#### [Input data]
****************************************

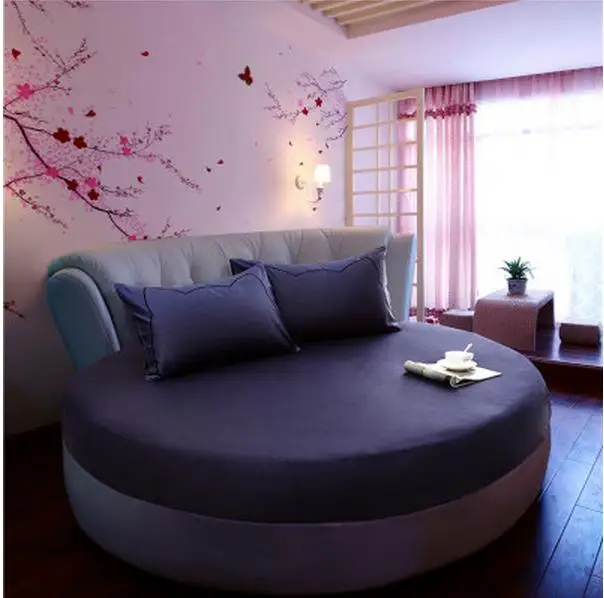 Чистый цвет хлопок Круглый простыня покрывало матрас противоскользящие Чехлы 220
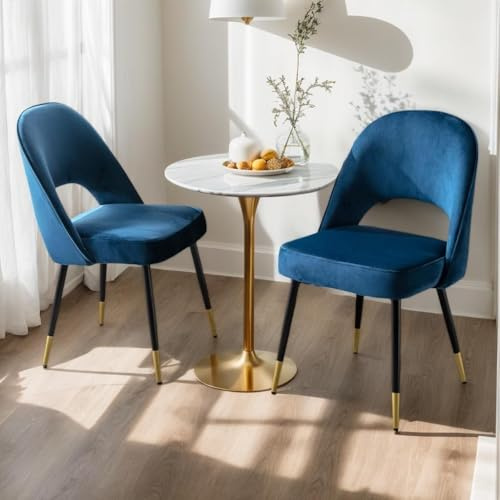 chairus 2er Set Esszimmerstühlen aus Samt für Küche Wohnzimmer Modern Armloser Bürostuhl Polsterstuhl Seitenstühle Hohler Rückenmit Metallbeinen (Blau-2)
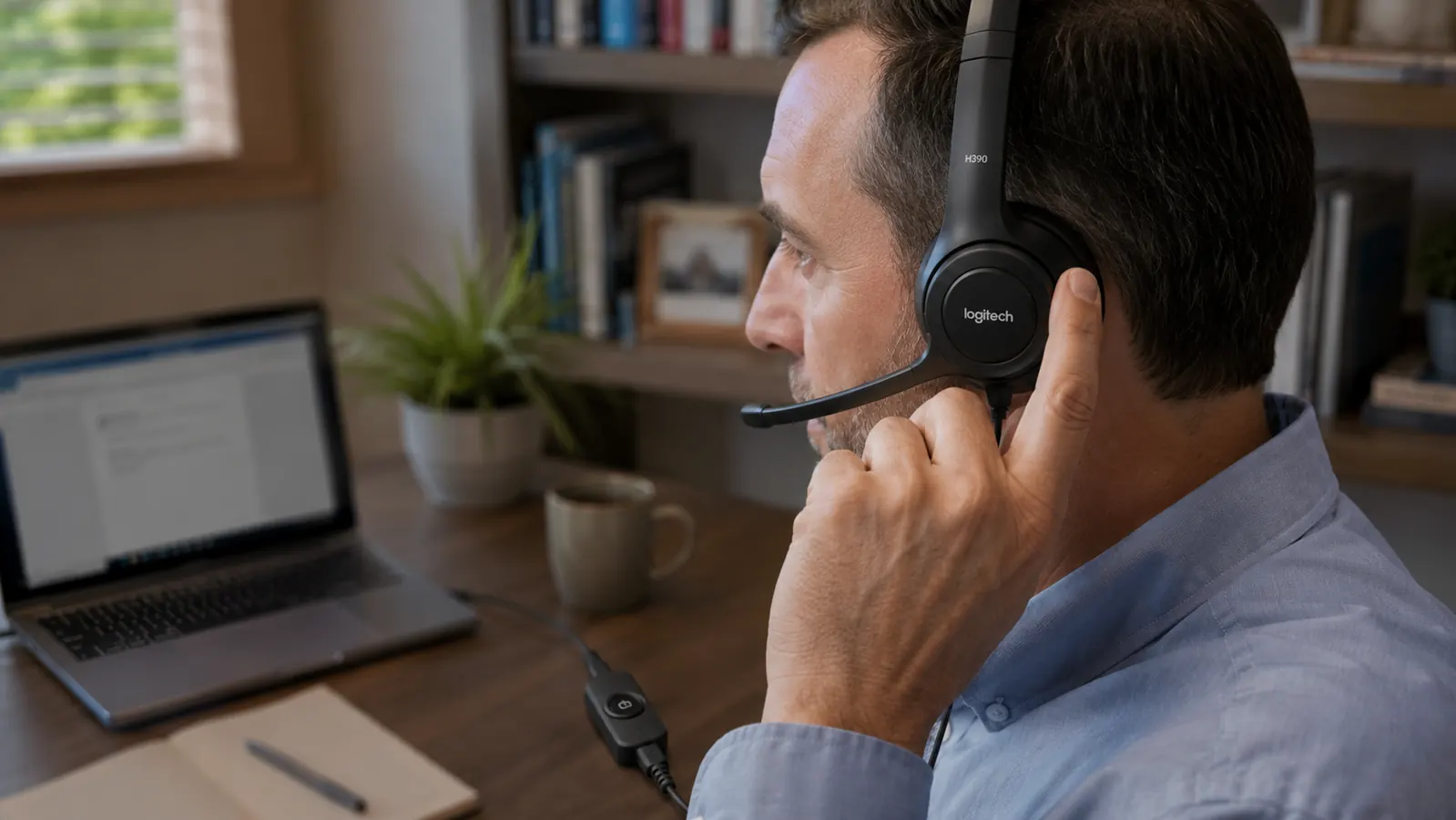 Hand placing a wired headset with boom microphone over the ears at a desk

****************************************

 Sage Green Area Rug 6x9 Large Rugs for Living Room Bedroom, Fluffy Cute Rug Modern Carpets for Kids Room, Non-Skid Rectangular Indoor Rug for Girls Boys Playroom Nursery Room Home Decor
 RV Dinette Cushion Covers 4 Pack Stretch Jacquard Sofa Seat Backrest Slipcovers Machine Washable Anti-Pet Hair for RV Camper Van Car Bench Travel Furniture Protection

****************************************

#### [Task statement]
In the data above, start at the line holding "Чистый цвет хлопок" and stop after the line holding "Hand placing a"; write out those lines exactly, without pictures.

#### [Solution for this task]
 Чистый цвет хлопок Круглый простыня покрывало матрас противоскользящие Чехлы 220
 chairus 2er Set Esszimmerstühlen aus Samt für Küche Wohnzimmer Modern Armloser Bürostuhl Polsterstuhl Seitenstühle Hohler Rückenmit Metallbeinen (Blau-2)
 Hand placing a wired headset with boom microphone over the ears at a desk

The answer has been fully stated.